What needs to be done: Write the listing out once more, identical to the original but without pictures.

#####

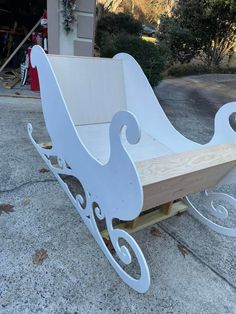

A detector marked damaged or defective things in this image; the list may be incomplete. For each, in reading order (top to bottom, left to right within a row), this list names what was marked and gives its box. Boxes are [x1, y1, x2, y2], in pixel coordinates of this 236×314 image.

crack in concrete [159, 224, 236, 290]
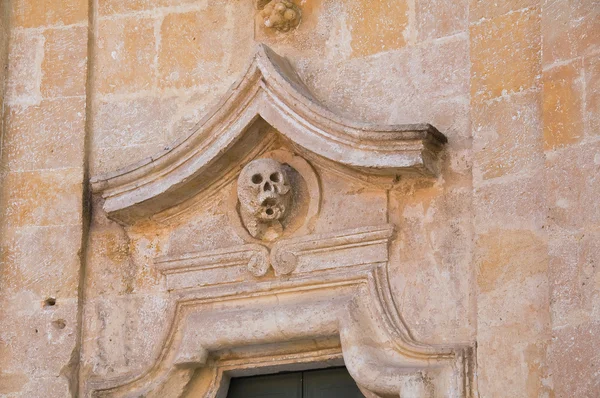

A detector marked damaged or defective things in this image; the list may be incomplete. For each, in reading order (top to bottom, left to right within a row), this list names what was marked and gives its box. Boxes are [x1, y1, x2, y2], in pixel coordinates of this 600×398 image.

broken pediment [89, 43, 446, 225]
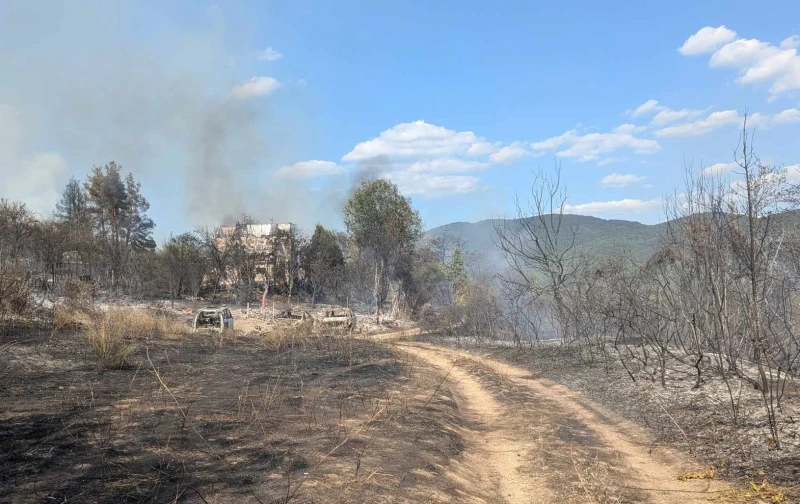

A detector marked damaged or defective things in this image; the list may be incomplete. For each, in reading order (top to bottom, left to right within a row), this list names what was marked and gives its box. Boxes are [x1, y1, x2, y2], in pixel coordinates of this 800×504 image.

damaged building [214, 220, 298, 294]
burnt vehicle [192, 308, 233, 330]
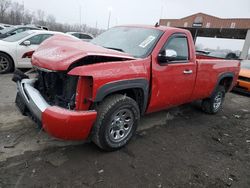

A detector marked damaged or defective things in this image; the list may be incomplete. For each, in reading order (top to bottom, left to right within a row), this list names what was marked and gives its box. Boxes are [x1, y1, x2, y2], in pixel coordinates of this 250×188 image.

crumpled hood [32, 34, 136, 70]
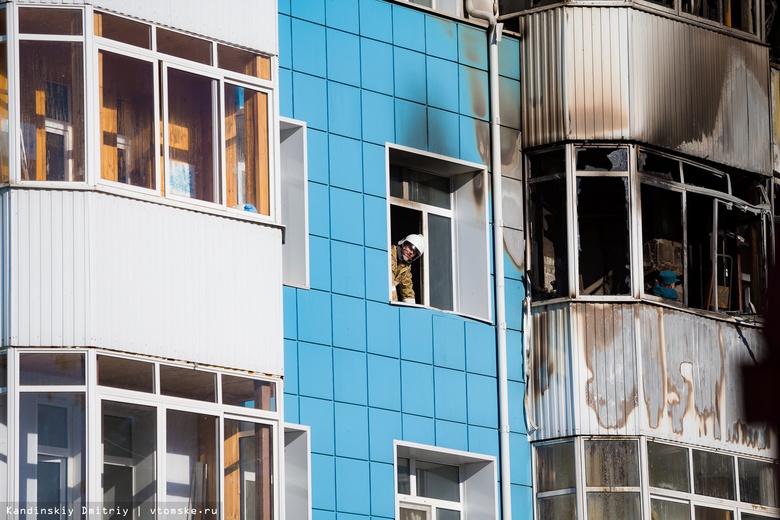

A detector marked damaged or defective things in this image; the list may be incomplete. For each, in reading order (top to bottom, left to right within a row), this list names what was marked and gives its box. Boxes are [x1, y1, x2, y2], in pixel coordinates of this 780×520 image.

#####

Exercise result:
A detector marked damaged or defective things in this image; the list may be incomplete. For each, in reading order (top to bottom, left to right within a row), this list names what was marked and gives its box. Boxes are [x1, y1, x2, y2], in pixel coordinates of this 236×314 image.

crack in concrete [159, 224, 236, 290]

A detector marked damaged or defective things in this image; the list may be incomplete. For each, in reading order (top to bottom, left to right within a row), this list names what was marked and gives its box. Boxes are [x1, y1, x2, y2], in pixel coordinates of this 600×398 image.

broken pediment [89, 43, 446, 225]

A detector marked damaged or defective things in this image; the list may be incomplete. For each, in reading order (top to bottom, left to right within a row), this list names what was marked and gives its box. Boxes are [x1, y1, x2, y2], in pixel coordinates of this 800×504 image.

damaged building [214, 220, 298, 294]
burnt vehicle [192, 308, 233, 330]

A detector marked damaged or defective things in this image; the list may be incomplete. For each, in reading order (top to bottom, left to right within a row), this list names what was marked and gives its box. Boxes are [x1, y1, x2, y2], in pixel coordinates of this 250×188 image.

crumpled hood [32, 34, 136, 70]

A detector marked damaged or defective things in this image; the list may be incomplete. For each, in reading order (top to bottom, left to right within a row), this list names what was marked and gives its box. Boxes are [x1, y1, x2, y2], in pixel coordinates of this 780×520 image.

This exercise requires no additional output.